[Stored entries]
------------------------

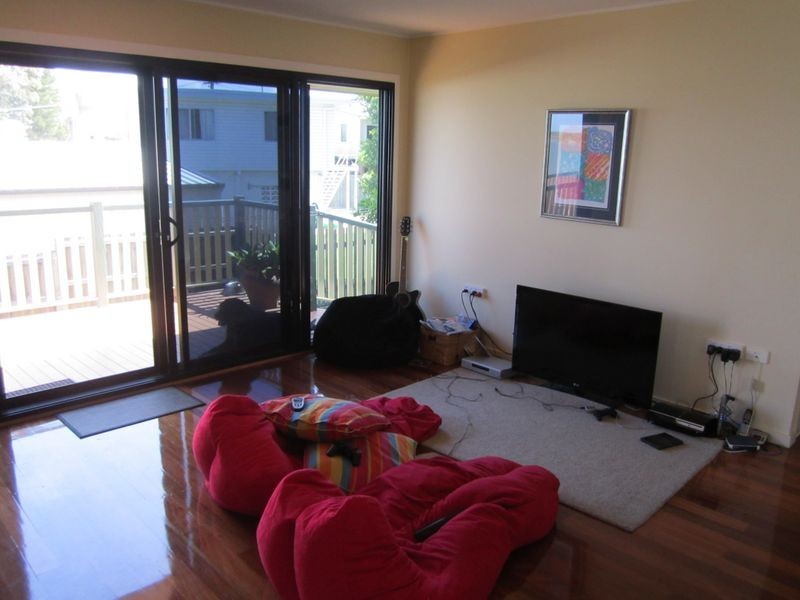 13 The Esplanade, Barney Point QLD 4680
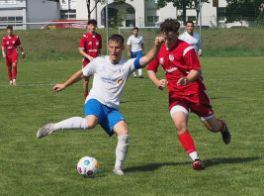 Sascha Gerber behauptet den Ball im Spiel bei der SG Einheit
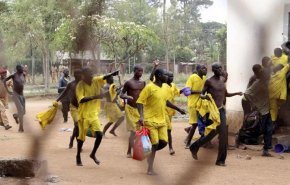 إطلاق سراح سجناء في أوغندا لوقف انتشار كورونا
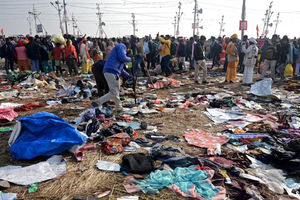 Pihak berwenang mulai membersihkan tepian sungai dalam festival Maha Kumbh Mela.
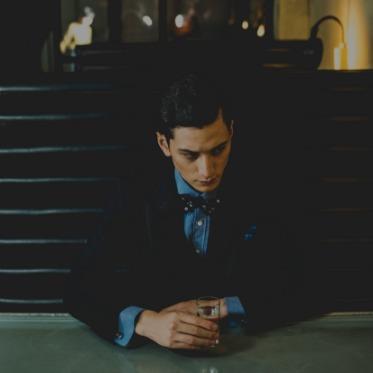 FUNATSURU KYOTO KAMOGAWA RESORT(鮒鶴京都鴨川リゾート) シックながら遊び心を加えたコーディネートも。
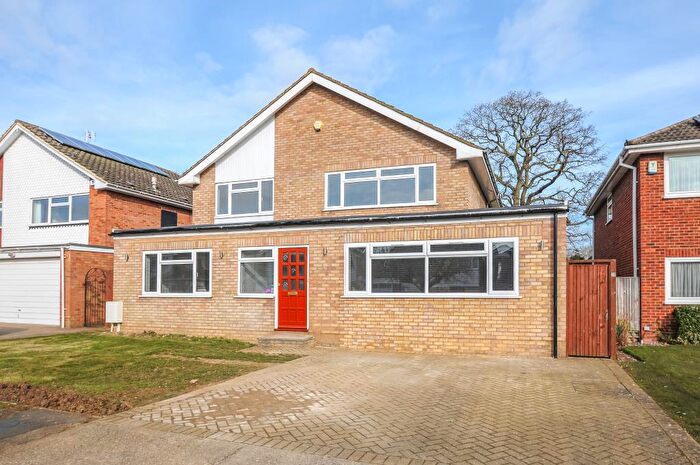 4 Bedroom Detached House To Rent In Albury Drive, Pinner, HA5
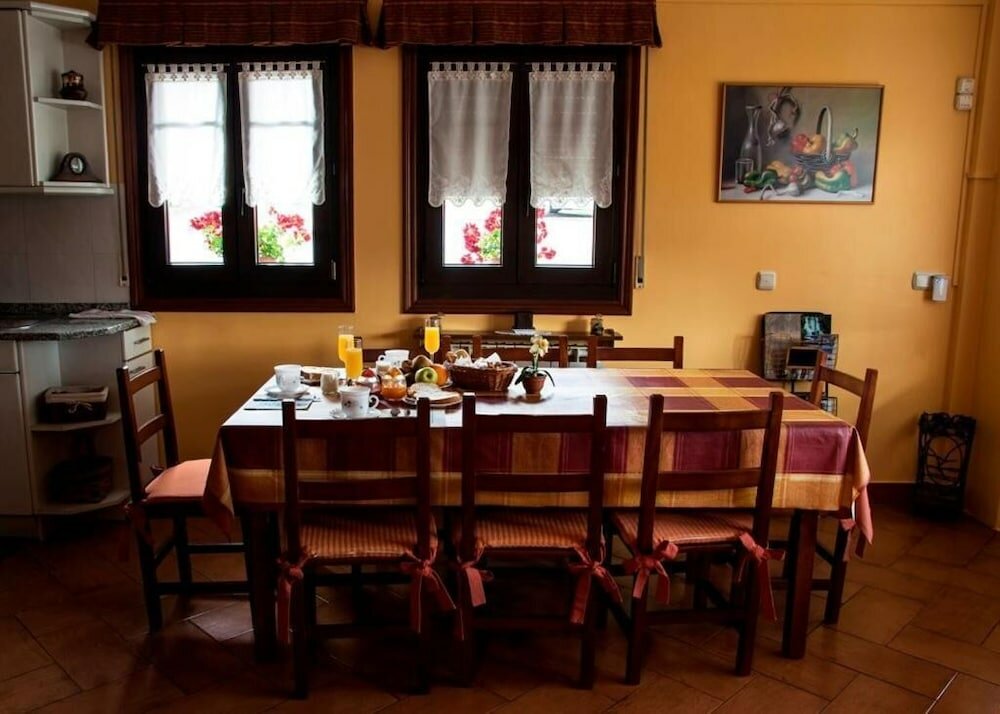 Фото Tolare Berri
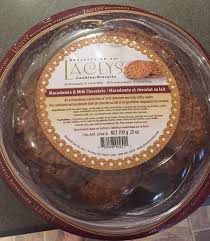 Leave to cool for 10 minutes then transfer to wire tray to cool. Costco Desserts On Us Laceys Macadamia Milk Chocolate Cookies Review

------------------------

> **ACTIVITY**: Start at the line that contains "Sascha Gerber behauptet" and retype every line through the end of the entries above, both ends included. Exclude all pictures.

> **RESULT FOR THIS TASK**:
 Sascha Gerber behauptet den Ball im Spiel bei der SG Einheit
 إطلاق سراح سجناء في أوغندا لوقف انتشار كورونا
 Pihak berwenang mulai membersihkan tepian sungai dalam festival Maha Kumbh Mela.
 FUNATSURU KYOTO KAMOGAWA RESORT(鮒鶴京都鴨川リゾート) シックながら遊び心を加えたコーディネートも。
 4 Bedroom Detached House To Rent In Albury Drive, Pinner, HA5
 Фото Tolare Berri
 Leave to cool for 10 minutes then transfer to wire tray to cool. Costco Desserts On Us Laceys Macadamia Milk Chocolate Cookies Review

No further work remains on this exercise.